Challenges of the modern world
The RSA has been assisting the Joseph Rowntree Foundation with its fascinating project to identify ‘new social evils’. We held a launch event here in July and our Fellows were invited to contribute to JRF’s online consultation.
This week, I attended a day long discussion exploring the outcomes of that consultation and implications for the next stage of the project. A stage which we hope will involve further JRF/RSA events at John Adam Street.
I won’t steal JRF’s thunder by revealing the list of social evils that emerged from the over 3,000 online submissions and more in-depth focus groups.
Maybe it’s the wisdom of crowds, or maybe a failure of popular insight, but the list reveals a pretty strong consensus around the kinds of ‘evils’ discussed at the lecture here, with materialism, poverty, and the breakdown of family and community featuring highly.
The extended seminar this week was an opportunity to look behind the list and explore connections and deeper underlying trends. There was much of interest here, but, for me, three related points stood out:
- It is not useful to try to explain the widespread pessimism about the state and direction of society by saying lives are getting worse. Indeed many things, for example social tolerance, affluence, educational attainment are getting better. Our unease may instead reflect the sense that we are not equipped to deal with the kinds of new challenges presented to us by the modern world.

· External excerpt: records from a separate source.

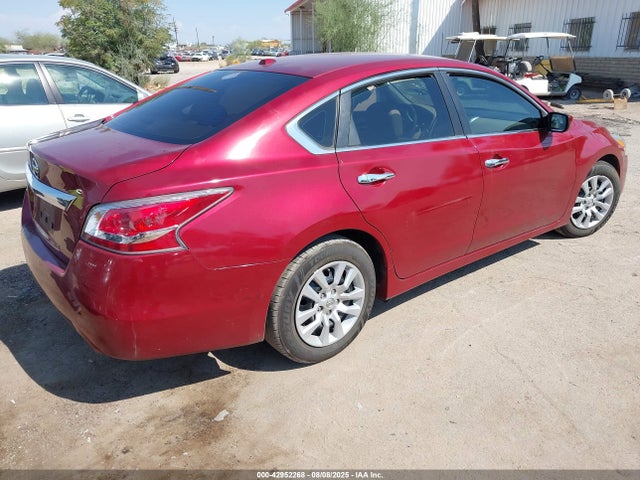 Nissan 2015 2015 1N4AL3AP9FC279406 Image 4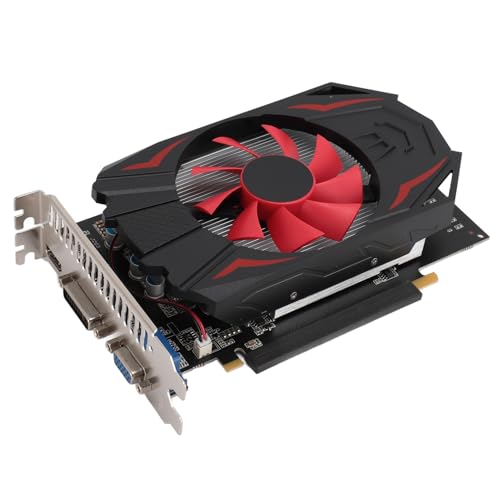 Tarjeta gráfica GTX1050 para juegos fluidos en alta resolución en tu zona de ocio doméstica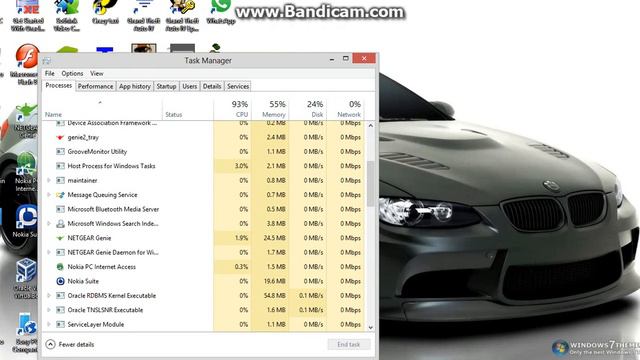 NFS UG 2 Error Solved
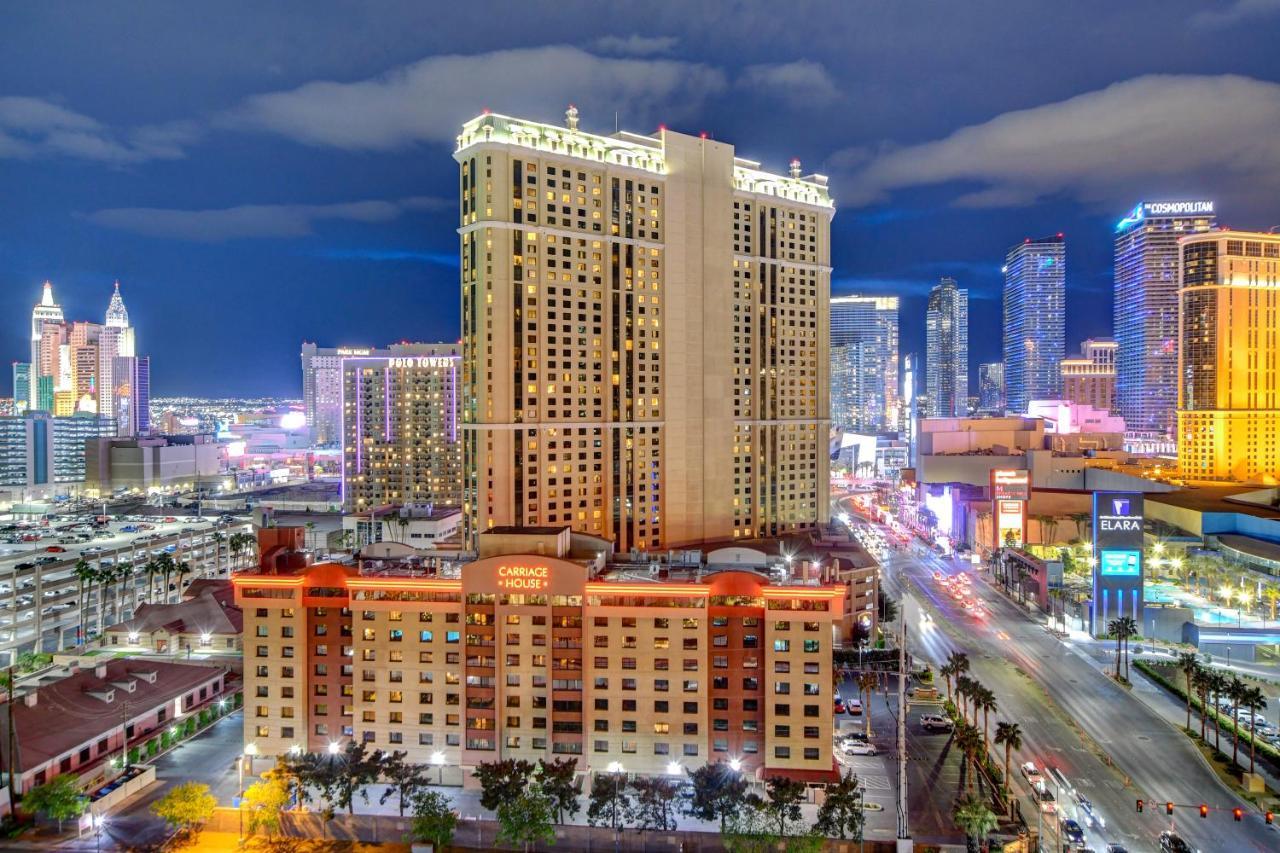 Mgm Signature Premium 1 Bd/2bth *city View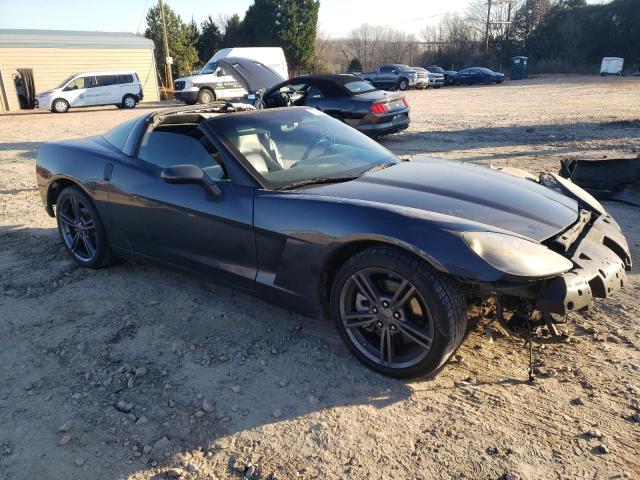 Photo 4 from auction – 2010 CHEVROLET CORVETTE with VIN 1G1YE2DW1A5109417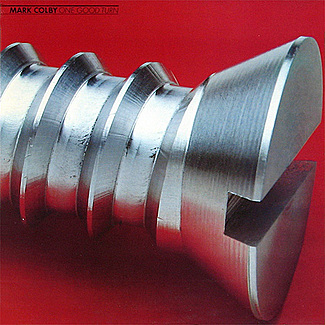 One Good Turn by Mark Colby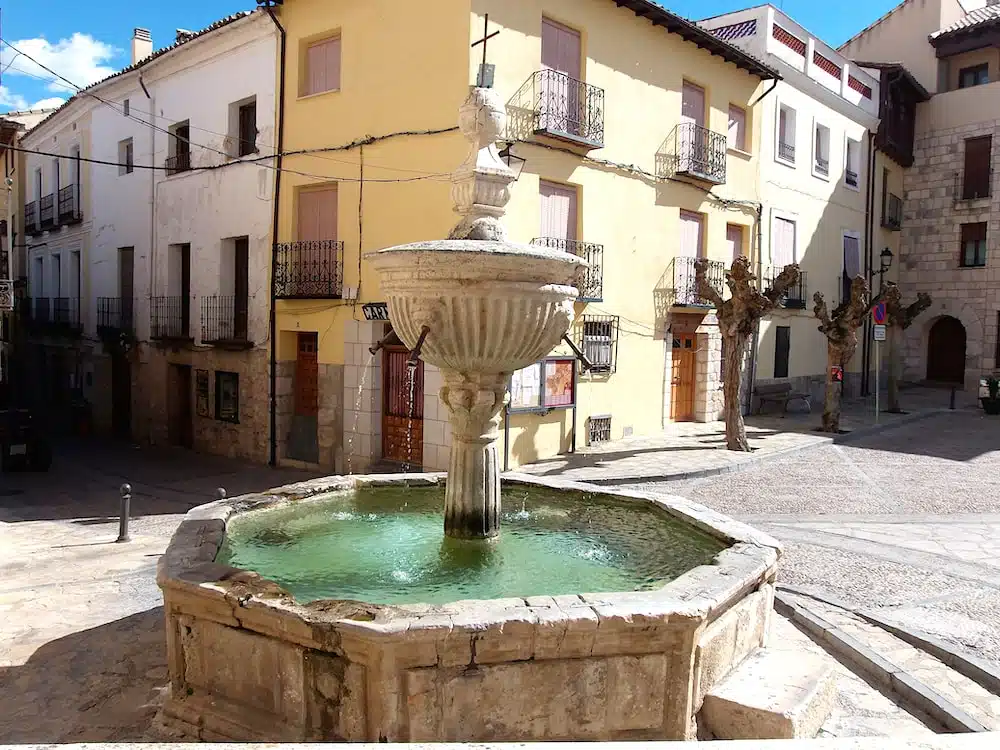 cosas que ver en guadalajara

- In physiological terms human evolution is a slow process (although rising life spans and evidence of substantial increases in average IQs suggest it is possible to get much better use out of the equipment we inherit). Thus far, human history comprises a very long period of very limited change, followed by a much shorter period of much more profound change. Is the tragic paradox of modernity that we are able to unleash powerful, unstoppable, processes – most obviously scientific and technological change, and modern globalisation – but we do not have the tools (as individuals, communities or nations) to direct those processes to the achievement of a better human condition.
- Returning to the RSA theme of the social aspiration gap (between the future we say we want and the future we are likely to create with current modes of thought and behaviour), should we understand this gap less as a failure of will or leadership, but instead as a sign that we need to develop a new collective consciousness? It is only this new consciousness (what our trustee Sean Blair refers to as ‘post-enlightenment thinking’) that will enable us to thrive in the world we have created, or, as it increasingly feels, the world that is creating us.
In case this all feels a bit abstract let me offer one observation which connects a major social phenomena with the ways our minds work.
We know from the research of Richard Layard and others that economic progress and rising affluence have not been associated with higher levels of life satisfaction. This insight has given rise to the development of new policy priorities designed to increase happiness levels.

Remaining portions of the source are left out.